= Mount Sisu =

Mountain in Ellsworth Land, Antarctica

Location of Sentinel Range in Western Antarctica.

Sentinel Range map.

Mount Sisu is a mountain in the Antarctic. Finnish mountaineers Veikka Gustafsson and Patrick Degerman were the first people to ascend it, in 1997. It was named after the Finnish concept of sisu, meaning a sense of steadfast, rugged perseverance. The name has not been officially sanctioned by the United States Geological Survey, as it is not found on their Geographic Names Information System, nor does it meet the organization's standards for geological nomenclature on the Antarctic continent.
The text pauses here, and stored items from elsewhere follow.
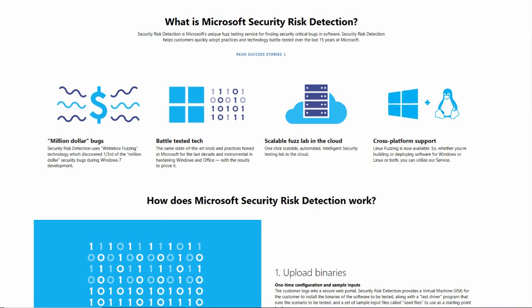Welcome to Microsoft Security Risk Detection. Today, we're going to talk about how Microsoft Security Risk Detection uses Microsoft technology to find million-dollar bugs with the same technology we use at Microsoft by creating scalable labs in the cloud with cross-platform support. Previously, Microsoft Security Risk Detection has focused on Windows and Linux, but today we're going to talk about web applications.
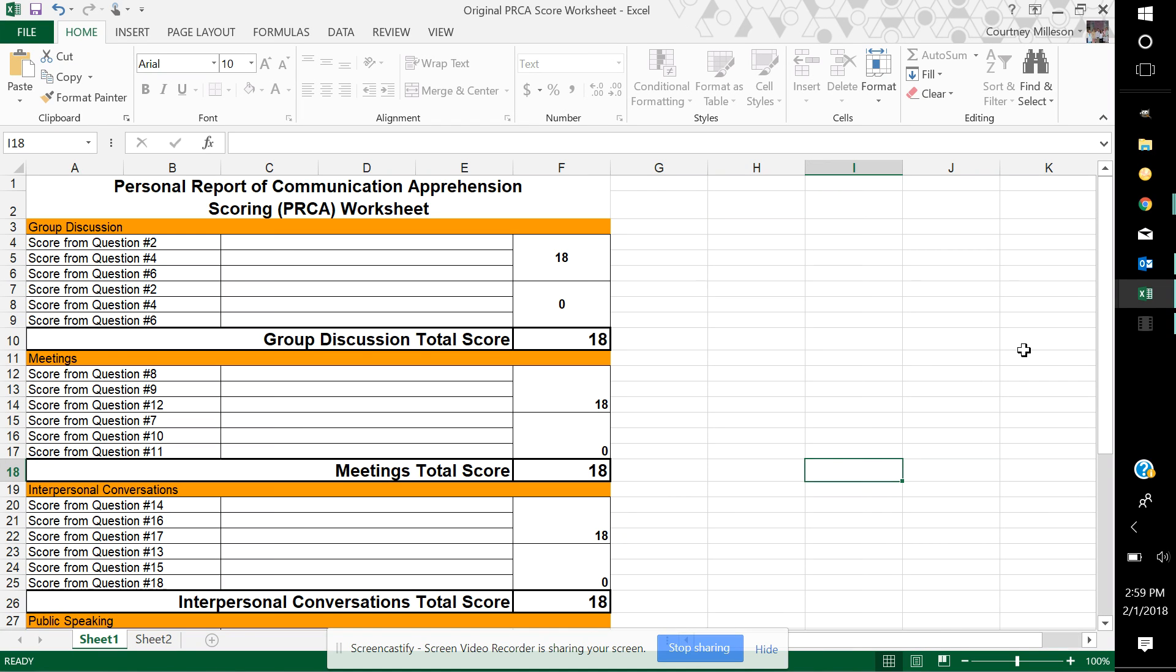Hi, this is Courtney Millison. I want to take a few minutes to talk to you about scoring the Personal Report of Communication Apprehension, or as it's listed in your weekly guide, the PRCA.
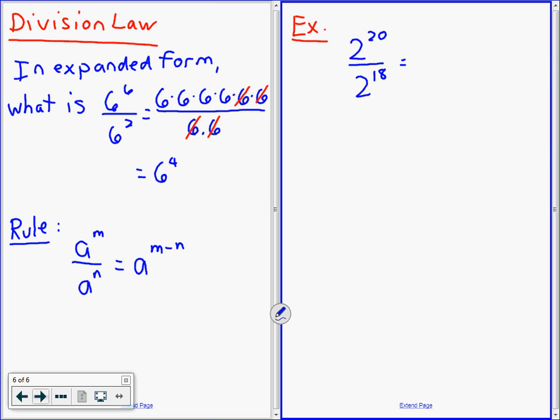2 to the 20 divided by 2 to the 18. We're going to try to use our power rules. The exponent of the numerator minus the exponent of the denominator — you subtract. So 2 to the 20 divided by 2 to the 18 gives you 2 to the 2.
Mount Sisu, reaching a height of 4300 meters over sea level, is located in the Sentinel Range of the Ellsworth Mountains, also the site of the highest peak in the Antarctic, the Vinson Massif. The nearest other peaks to Mount Sisu are Mount Anderson and Mount Bentley.

==Maps==
- Vinson Massif. Scale 1:250 000 topographic map. Reston, Virginia: US Geological Survey, 1988.
- Antarctic Digital Database (ADD). Scale 1:250000 topographic map of Antarctica. Scientific Committee on Antarctic Research (SCAR). Since 1993, regularly updated.